2026-04-23 19:07:38 +02:00
Mathias Fredriksson 1ace519c6e fix(coderd/x/chatd): remove cache-miss check blocking agent recovery (#24634)
The cache-miss isAgentUnreachable check added in #24336 runs before
dialWithLazyValidation, preventing the existing switch mechanism from
discovering the new agent after a workspace rebuild. The chat's stale
agent binding is never repaired, causing an infinite loop of
'agent is disconnected' errors.

Remove the cache-miss check. The cache-hit check remains (it verifies
the agent behind an established connection). The dial timeout and
dialWithLazyValidation already bound the cache-miss failure path.

Closes CODAGT-248
2026-04-22 21:49:10 +03:00
Mathias Fredriksson 78d9a220cf fix(coderd/x/chatd): detect disconnected agents in getWorkspaceConn (#24336)
Add agent status check and dial timeout to getWorkspaceConn to
prevent tool calls from hanging when a workspace agent disconnects.

Status check: call isAgentUnreachable on every getWorkspaceConn
call. On cache miss, check the freshly fetched agent row. On
cache hit, re-fetch the agent row by PK for a fresh heartbeat
timestamp. Disconnected and timed-out agents return a sentinel
immediately; connecting agents proceed to dial.

Dial timeout: wrap dialWithLazyValidation in a 30s
context.WithTimeoutCause (matching 8 other server-side AgentConn
callers). Parent context cancellation propagates unchanged so
the chatloop can detect ErrInterrupted.

Both sentinels tell the LLM the agent is unreachable and the
workspace may need restarting from the dashboard.

Closes CODAGT-149
2026-04-22 12:10:32 +00:00
Ethan c1421b4ead test(coderd/x/chatd): deflake stale control notification test (#24545)
Previously, `TestProcessChat_IgnoresStaleControlNotification` could
return as soon as `UpdateChatStatus` ran, even though `processChat`
still re-read chat state and finished deferred cleanup afterward. That
let gomock and quartz teardown race the tail of cleanup and
intermittently fail the test.

Wait for `processChat` itself to return before asserting the final
status, while keeping the existing strict mock expectations intact.

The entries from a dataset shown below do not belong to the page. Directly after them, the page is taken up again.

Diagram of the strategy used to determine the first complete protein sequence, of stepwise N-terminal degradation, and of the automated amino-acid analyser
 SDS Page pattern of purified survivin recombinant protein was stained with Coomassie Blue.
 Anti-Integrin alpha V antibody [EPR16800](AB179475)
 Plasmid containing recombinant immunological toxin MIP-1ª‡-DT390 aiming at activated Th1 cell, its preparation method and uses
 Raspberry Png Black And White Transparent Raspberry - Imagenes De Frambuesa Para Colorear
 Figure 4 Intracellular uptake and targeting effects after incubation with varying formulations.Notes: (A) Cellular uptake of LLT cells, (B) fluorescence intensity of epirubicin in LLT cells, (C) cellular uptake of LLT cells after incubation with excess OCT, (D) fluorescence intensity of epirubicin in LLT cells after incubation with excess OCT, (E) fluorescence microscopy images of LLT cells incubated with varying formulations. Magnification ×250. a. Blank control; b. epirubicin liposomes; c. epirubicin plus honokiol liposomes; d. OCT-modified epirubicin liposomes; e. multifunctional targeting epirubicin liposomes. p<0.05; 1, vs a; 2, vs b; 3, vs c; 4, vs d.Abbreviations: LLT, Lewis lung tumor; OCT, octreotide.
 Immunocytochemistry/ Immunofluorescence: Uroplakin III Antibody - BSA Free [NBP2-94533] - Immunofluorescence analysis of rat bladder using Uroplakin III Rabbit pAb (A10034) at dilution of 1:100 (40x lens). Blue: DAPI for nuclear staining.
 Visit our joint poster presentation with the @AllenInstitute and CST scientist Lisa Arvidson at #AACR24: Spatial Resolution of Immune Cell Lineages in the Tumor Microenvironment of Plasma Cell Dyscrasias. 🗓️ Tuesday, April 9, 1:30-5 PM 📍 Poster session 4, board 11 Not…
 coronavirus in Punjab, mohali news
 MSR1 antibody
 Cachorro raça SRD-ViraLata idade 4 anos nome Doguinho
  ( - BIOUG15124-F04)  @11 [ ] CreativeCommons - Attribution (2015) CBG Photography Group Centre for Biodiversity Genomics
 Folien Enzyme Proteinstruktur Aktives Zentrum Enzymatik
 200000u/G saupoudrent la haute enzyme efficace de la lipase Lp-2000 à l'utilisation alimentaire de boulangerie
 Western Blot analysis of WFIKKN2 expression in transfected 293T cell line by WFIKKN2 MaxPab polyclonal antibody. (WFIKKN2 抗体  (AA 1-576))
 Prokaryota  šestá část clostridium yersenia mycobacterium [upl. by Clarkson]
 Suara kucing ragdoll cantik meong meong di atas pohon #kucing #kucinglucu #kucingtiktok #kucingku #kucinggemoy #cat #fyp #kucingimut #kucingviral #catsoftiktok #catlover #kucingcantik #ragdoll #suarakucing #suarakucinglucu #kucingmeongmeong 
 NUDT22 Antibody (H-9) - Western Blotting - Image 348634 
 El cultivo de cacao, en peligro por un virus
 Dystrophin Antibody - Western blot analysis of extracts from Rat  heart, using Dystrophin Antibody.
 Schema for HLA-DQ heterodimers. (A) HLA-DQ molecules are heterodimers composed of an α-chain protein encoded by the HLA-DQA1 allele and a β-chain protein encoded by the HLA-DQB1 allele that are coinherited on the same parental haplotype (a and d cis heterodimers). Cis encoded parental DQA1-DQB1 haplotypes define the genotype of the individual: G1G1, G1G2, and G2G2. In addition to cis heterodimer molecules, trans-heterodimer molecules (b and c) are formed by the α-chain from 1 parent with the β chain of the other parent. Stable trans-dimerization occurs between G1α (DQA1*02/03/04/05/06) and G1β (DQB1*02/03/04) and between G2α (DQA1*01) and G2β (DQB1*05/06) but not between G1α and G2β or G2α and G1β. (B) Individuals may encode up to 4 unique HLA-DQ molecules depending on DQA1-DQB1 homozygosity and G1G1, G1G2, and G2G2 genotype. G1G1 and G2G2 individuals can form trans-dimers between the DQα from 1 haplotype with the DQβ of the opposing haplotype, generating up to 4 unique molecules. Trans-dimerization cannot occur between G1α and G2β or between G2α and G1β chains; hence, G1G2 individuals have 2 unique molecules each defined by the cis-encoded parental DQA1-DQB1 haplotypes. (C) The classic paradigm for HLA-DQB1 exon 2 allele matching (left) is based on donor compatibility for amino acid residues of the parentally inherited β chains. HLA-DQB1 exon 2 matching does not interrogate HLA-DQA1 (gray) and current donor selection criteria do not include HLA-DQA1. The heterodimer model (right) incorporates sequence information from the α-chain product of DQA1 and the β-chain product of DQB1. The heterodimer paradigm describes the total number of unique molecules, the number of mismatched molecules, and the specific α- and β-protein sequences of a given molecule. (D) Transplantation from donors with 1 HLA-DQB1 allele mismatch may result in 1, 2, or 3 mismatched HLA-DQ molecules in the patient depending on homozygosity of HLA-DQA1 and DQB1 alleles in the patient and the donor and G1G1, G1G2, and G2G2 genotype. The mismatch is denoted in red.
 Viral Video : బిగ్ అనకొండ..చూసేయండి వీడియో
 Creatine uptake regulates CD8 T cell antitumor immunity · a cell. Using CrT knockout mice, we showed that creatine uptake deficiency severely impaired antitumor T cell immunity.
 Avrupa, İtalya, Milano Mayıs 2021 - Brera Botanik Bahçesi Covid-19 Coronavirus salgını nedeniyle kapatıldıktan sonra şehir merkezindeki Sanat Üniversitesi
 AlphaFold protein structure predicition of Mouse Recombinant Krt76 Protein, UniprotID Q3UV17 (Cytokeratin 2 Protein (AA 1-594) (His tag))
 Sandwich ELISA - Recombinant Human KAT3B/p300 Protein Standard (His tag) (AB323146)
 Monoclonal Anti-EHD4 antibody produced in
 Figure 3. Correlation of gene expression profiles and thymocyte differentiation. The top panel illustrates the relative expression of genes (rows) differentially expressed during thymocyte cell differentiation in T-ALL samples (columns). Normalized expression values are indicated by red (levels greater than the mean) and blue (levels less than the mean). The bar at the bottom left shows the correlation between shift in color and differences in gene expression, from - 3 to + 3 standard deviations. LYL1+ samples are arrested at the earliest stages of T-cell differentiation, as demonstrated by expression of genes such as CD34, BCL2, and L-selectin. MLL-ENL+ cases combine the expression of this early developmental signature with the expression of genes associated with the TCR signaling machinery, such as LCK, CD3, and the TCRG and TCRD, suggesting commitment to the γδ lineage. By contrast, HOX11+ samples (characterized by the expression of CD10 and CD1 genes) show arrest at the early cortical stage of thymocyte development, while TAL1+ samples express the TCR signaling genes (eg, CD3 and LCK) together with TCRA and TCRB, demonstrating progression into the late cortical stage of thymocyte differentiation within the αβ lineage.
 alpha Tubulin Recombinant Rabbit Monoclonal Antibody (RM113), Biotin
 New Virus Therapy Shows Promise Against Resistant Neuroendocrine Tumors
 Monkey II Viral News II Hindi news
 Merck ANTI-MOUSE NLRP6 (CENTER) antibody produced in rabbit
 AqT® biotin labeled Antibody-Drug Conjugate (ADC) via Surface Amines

Closes https://github.com/coder/internal/issues/1479
2026-04-22 00:08:34 +10:00
Michael Suchacz f073323c89 refactor: unify subagent spawn behind spawn_subagent (#24535)
Unify the three subagent spawn tools (`spawn_agent`,
`spawn_explore_agent`, `spawn_computer_use_agent`) behind a single
`spawn_subagent` tool keyed by a `subagent_type` discriminant
(`general`, `explore`, `computer_use`). Mirrors the single-entry-point
pattern already used by `task` in mux while keeping `wait_agent`,
`message_agent`, and `close_agent` as separate lifecycle tools.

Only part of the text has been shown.